> [Material provided]:
****************
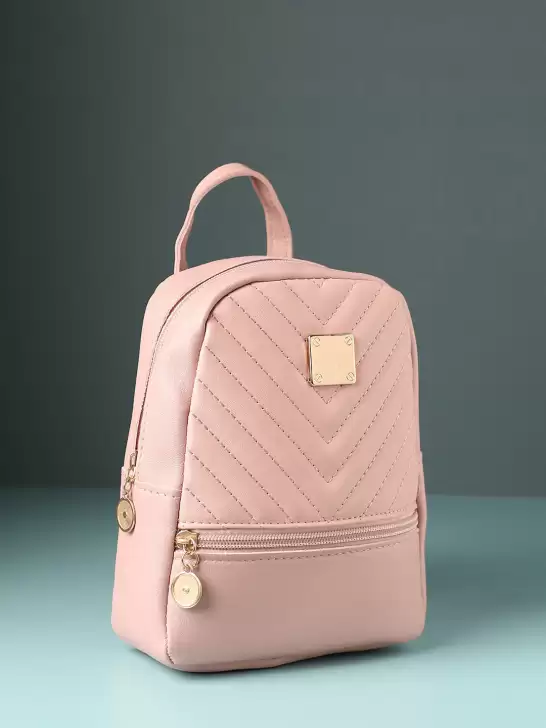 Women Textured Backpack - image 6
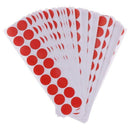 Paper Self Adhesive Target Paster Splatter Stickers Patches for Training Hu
****************
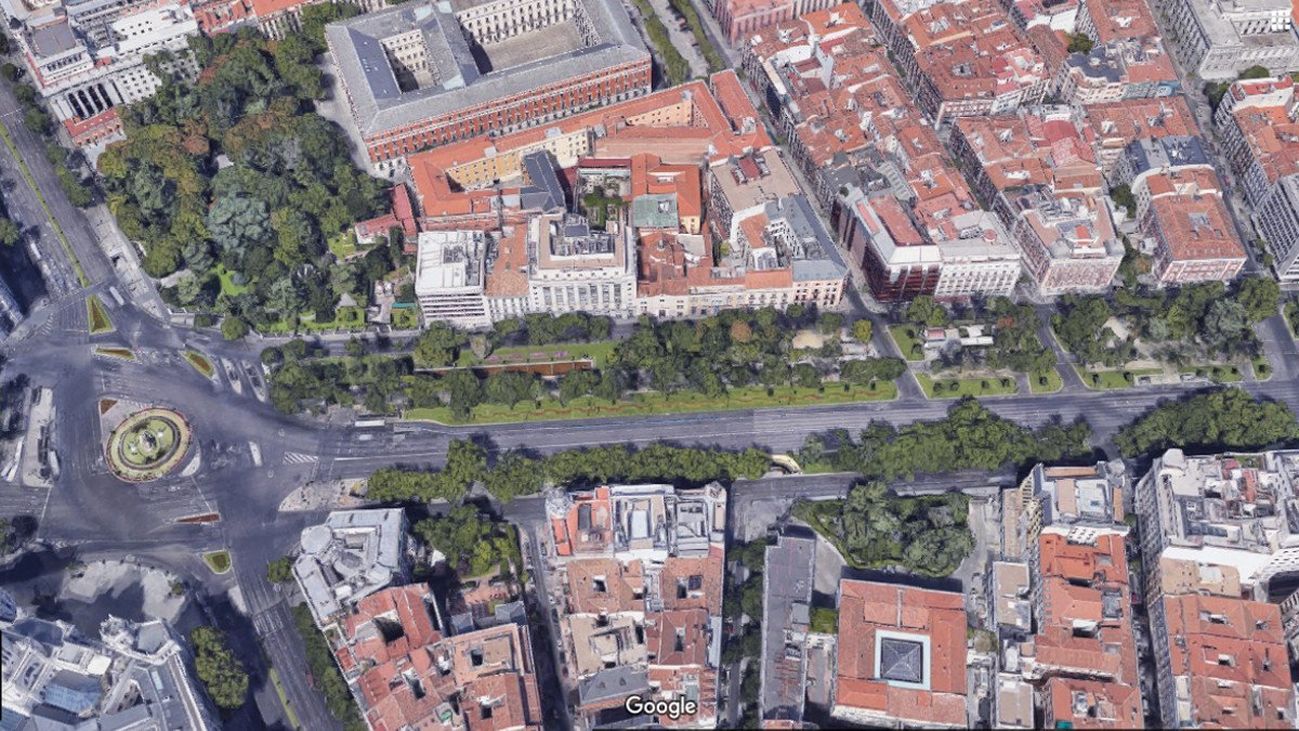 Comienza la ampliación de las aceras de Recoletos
****************
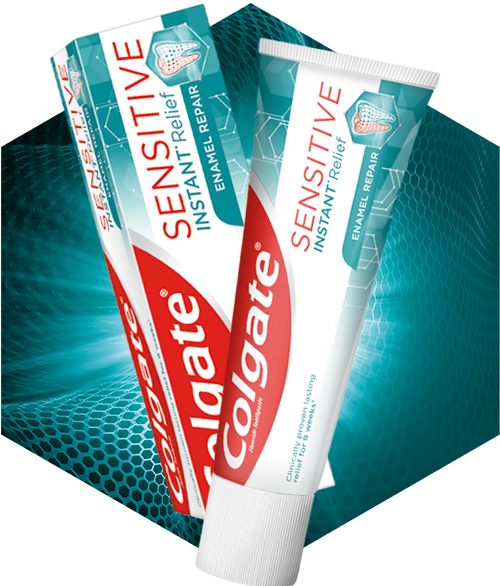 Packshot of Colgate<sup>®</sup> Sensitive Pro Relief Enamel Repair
****************
> [Exercise instructions]: What do the entries above read from the line containing "Women Textured Backpack - image 6" through the line containing "Paper Self Adhesive"? Output those lines exactly, both ends included, with the pictures left out.

> [Expected answer]:
 Women Textured Backpack - image 6
 Paper Self Adhesive Target Paster Splatter Stickers Patches for Training Hu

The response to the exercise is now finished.